5. Dear Professional Educators, this information is more typical than atypical, and legislators should be made aware of it. Please forward the link and/or the chart to House and Senate leaders as well as members of the Education committees. Encourage all teachers who kept track of their time to do the same. It's easy to ignore one, less easy to ignore many. Give legislators "ammunition" to use against platitudes and hasty generalizations.

6. My Writing and Editing Coach is right that we need to contact legislators. A word of caution, many legislators and representatives have been instructed/advised or have made it their practice to ignore any and all emails and letters from schools or people representing schools. When you contact them, do so from a home email address!

7. I really was thinking mostly about the lack of respect that teachers have been facing lately (like the belief we have easy jobs that end at 3pm and have three months off) when I started this. That said, I am facing my third year without raises or advancement and furlough days, and it's actually the fifth year of such in the area. If teachers can find better treatment because I kept tally, I would be glad for it.

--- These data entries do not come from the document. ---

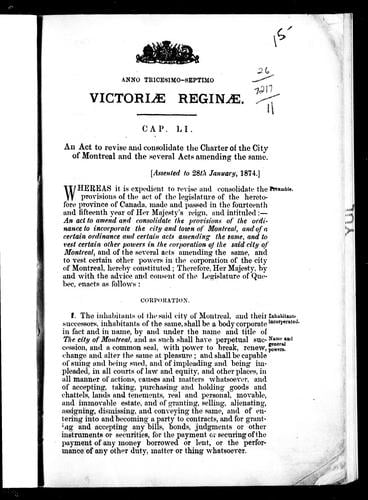 An Act to revise and consolidate the Charter of the city of Montreal and the several acts amending the same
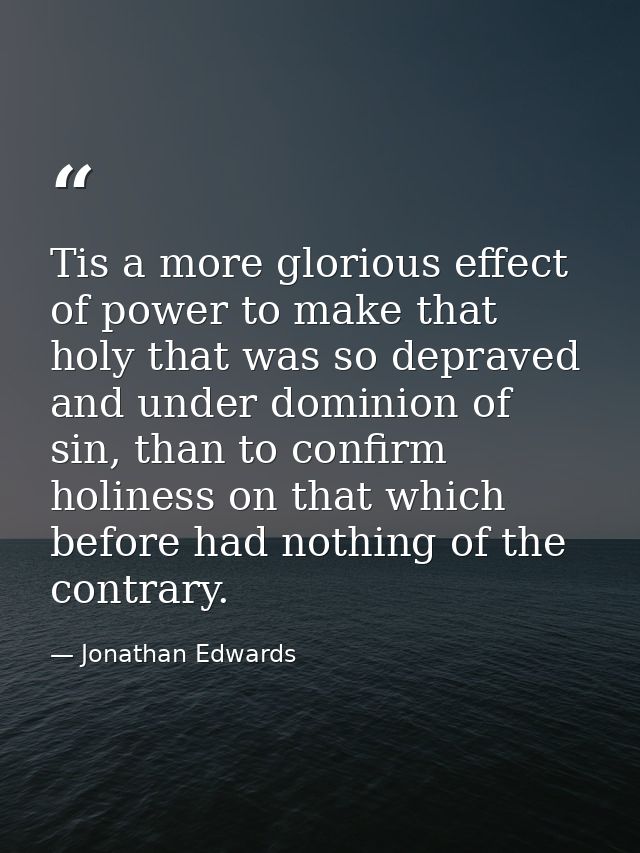 Tis a more glorious effect of power to make that holy that was so depraved and under dominion of sin, than to confirm ho — Jonathan Edwards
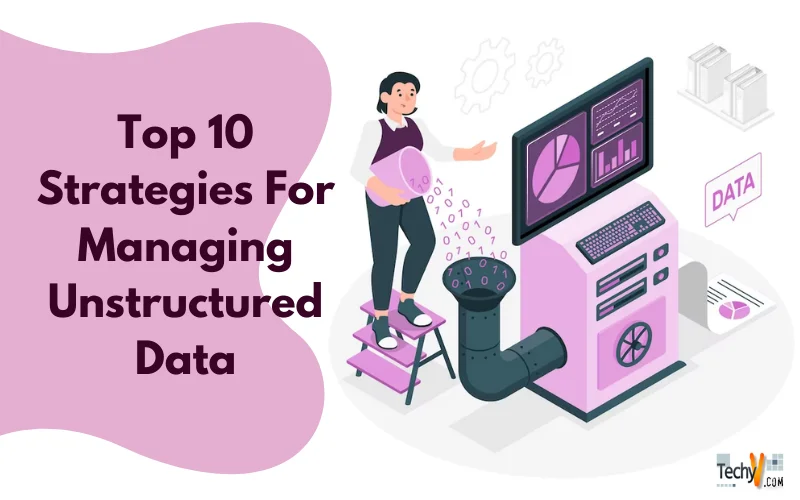 Top 10 Strategies For Managing Unstructured Data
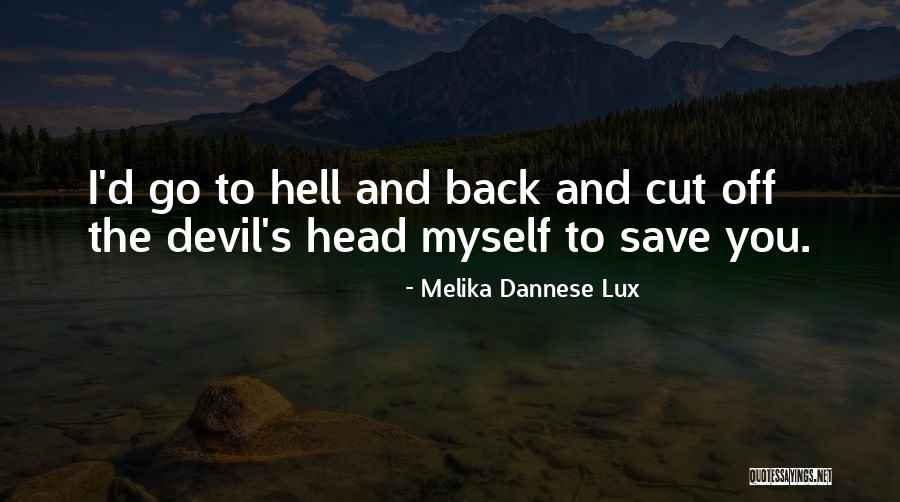 Madelaine Bradburry Quotes By Melika Dannese Lux Madelaine Bradburry Quotes By Melika Dannese Lux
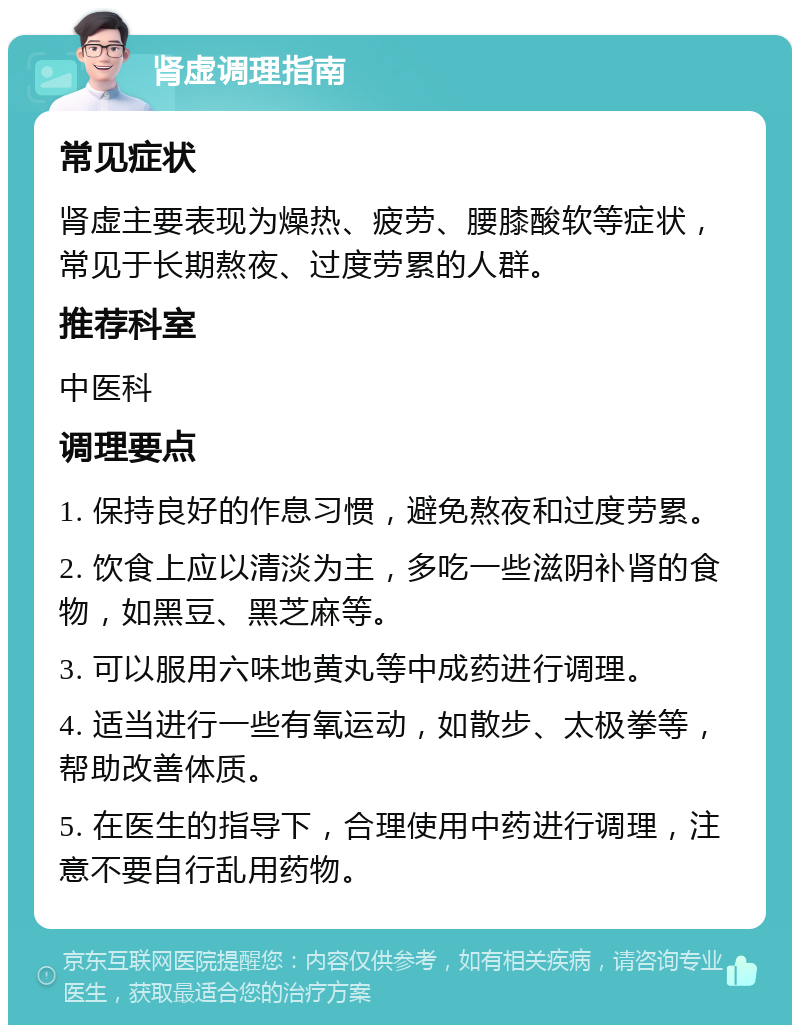 肾虚调理指南 常见症状 肾虚主要表现为燥热、疲劳、腰膝酸软等症状，常见于长期熬夜、过度劳累的人群。 推荐科室 中医科 调理要点 1. 保持良好的作息习惯，避免熬夜和过度劳累。 2. 饮食上应以清淡为主，多吃一些滋阴补肾的食物，如黑豆、黑芝麻等。 3. 可以服用六味地黄丸等中成药进行调理。 4. 适当进行一些有氧运动，如散步、太极拳等，帮助改善体质。 5. 在医生的指导下，合理使用中药进行调理，注意不要自行乱用药物。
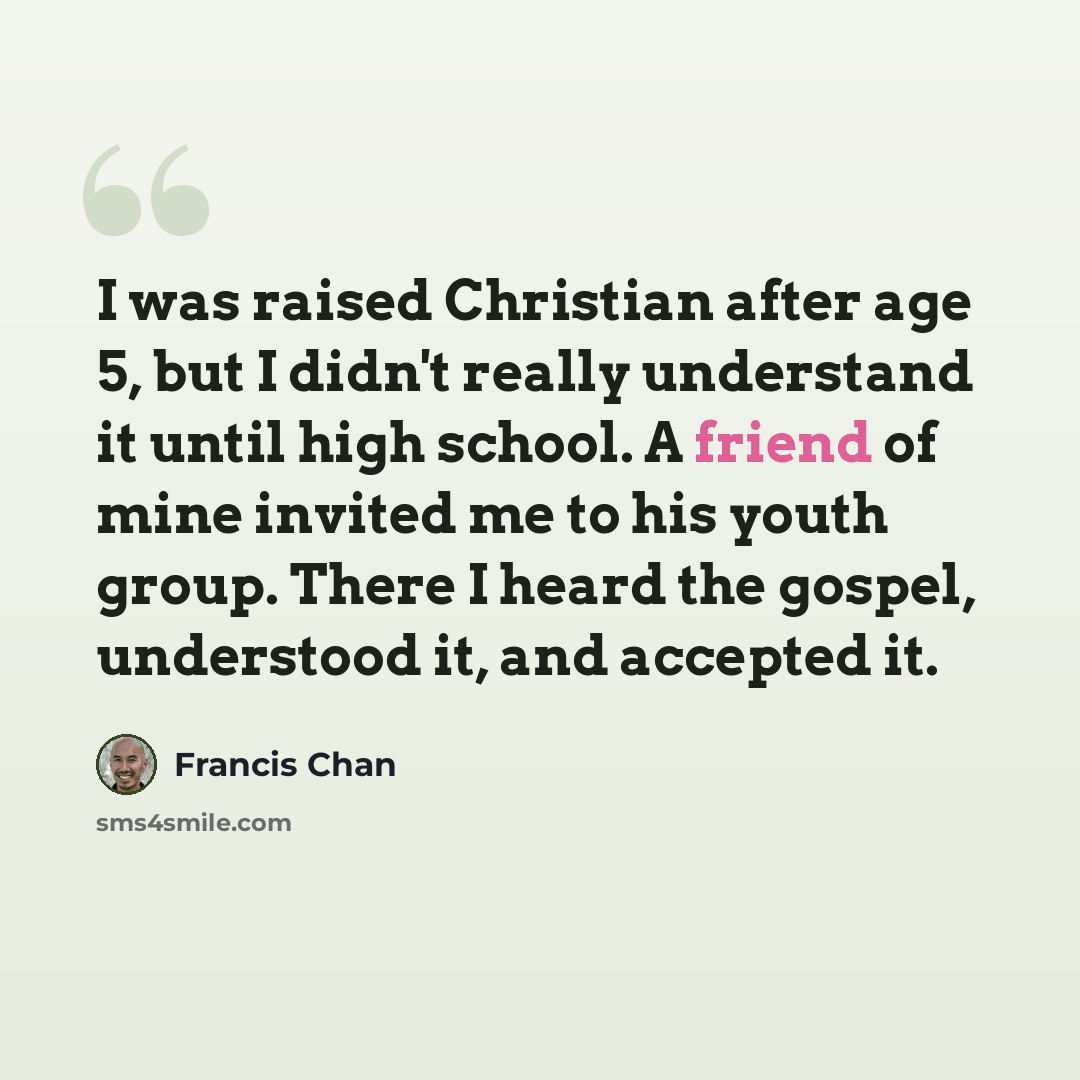 “I was raised Christian after age 5, but I didn't really understand it until high school. A friend of mine invited me to his youth group. There I heard the gospel, understood it, and accepted it.” quote by Francis Chan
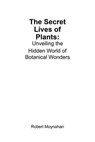 The Secret Lives of Plants: Unveiling the Hidden World of Botanical Wonders - Robert Moynahan - 9798230288961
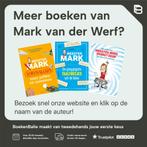 Meester Mark graaft door 9789463190077 Mark van der Werf, Verzenden, Gelezen, Mark van der Werf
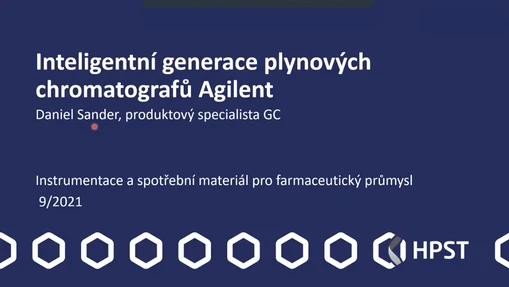  Inteligentní generace plynových chromatografů Agilent (záznam CZ webináře)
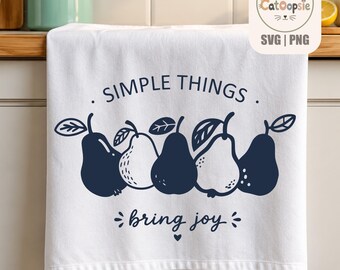 Einfache Dinge bringen Freude (SVG/PNG), Birnenmotiv für die Küche, Wandbild im Landhausstil, Lasergravurdatei, Cricut-Schnittdatei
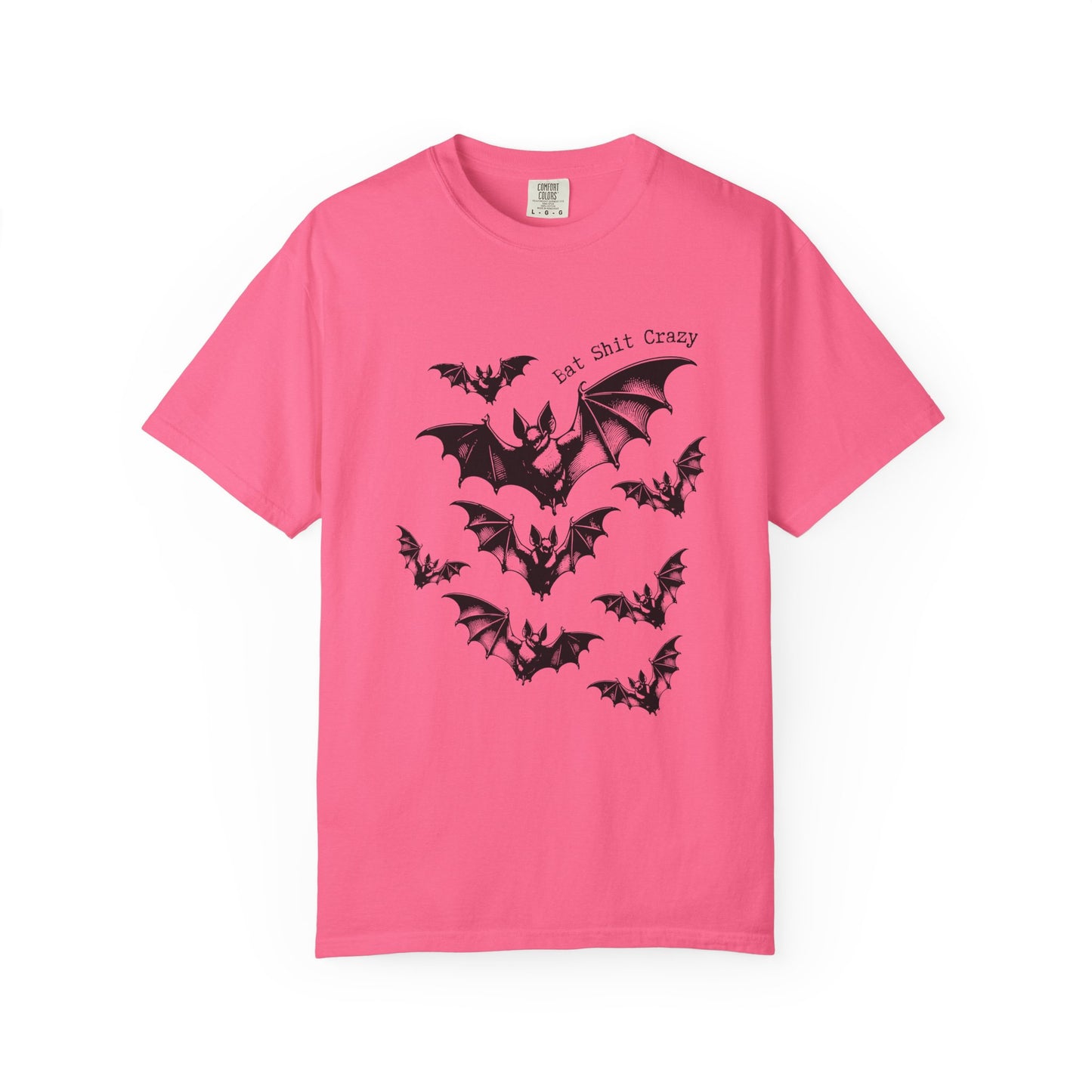Bat Shit Crazy - T-shirt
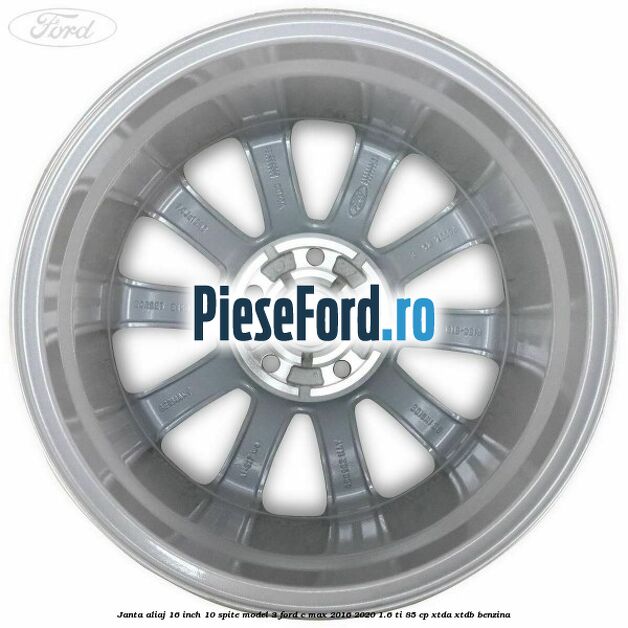 Janta aliaj 16 inch, 10 spite model 3 Ford C-Max 2016-2020 1.6 Ti 85 cp XTDA, XTDB benzina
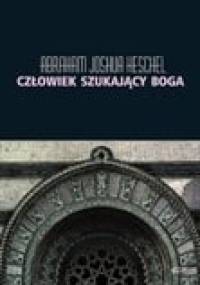 Człowiek szukający Boga. Szkice o modlitwie i symbolach. - Abraham Joshua Heschel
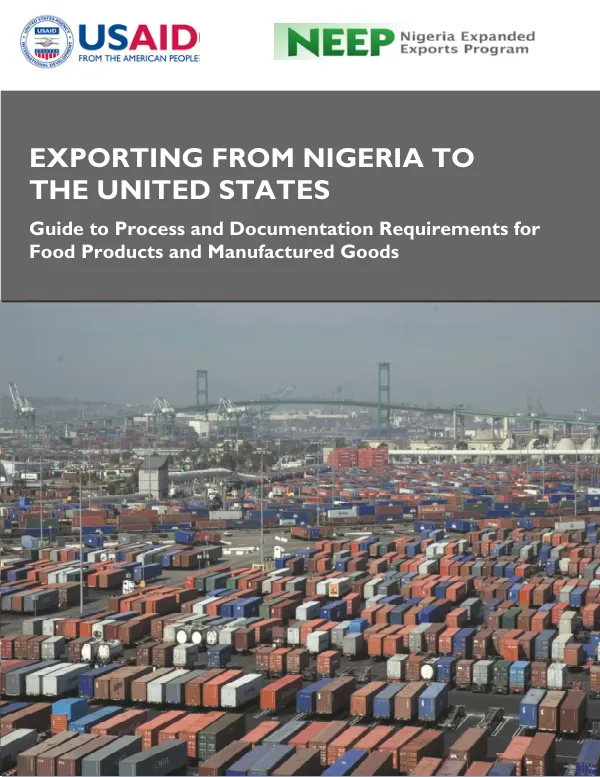 Guide to Process and Documentation Requirements for Food Products and Manufactured Goods: Exporting from Nigeria to the United States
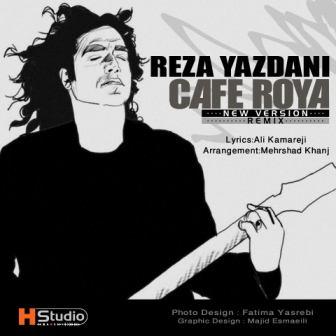 Reza+Yazdani+ +Cafe+Roya دانلود رمیکس جدید رضا یزدانی به نام کافه رویا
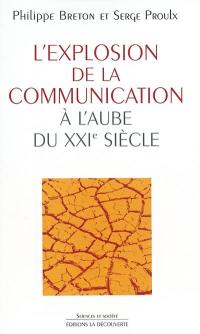 L'explosion de la communication à l'aube du XXIe siècle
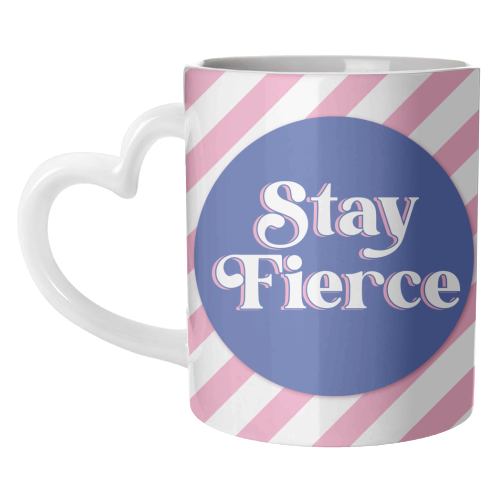 Stay Fierce! Pink and Blue Stripe. - unique mug by Mad Philomena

8. I hear you all loud and clear. This represents a pretty large sample of teachers and it makes me even MORE angry when people don't respect teachers. But now, I fight back with this data. It pisses me off that many of us are on pay freezes and many teachers work two jobs or need to take a summer job to be able to make ends meet. When you think about it, we're doing one of the most important jobs out there--educating the future of our country. People need to start respecting us, and I think the first step to making this happen is demanding that respect. Let's take this to the next level!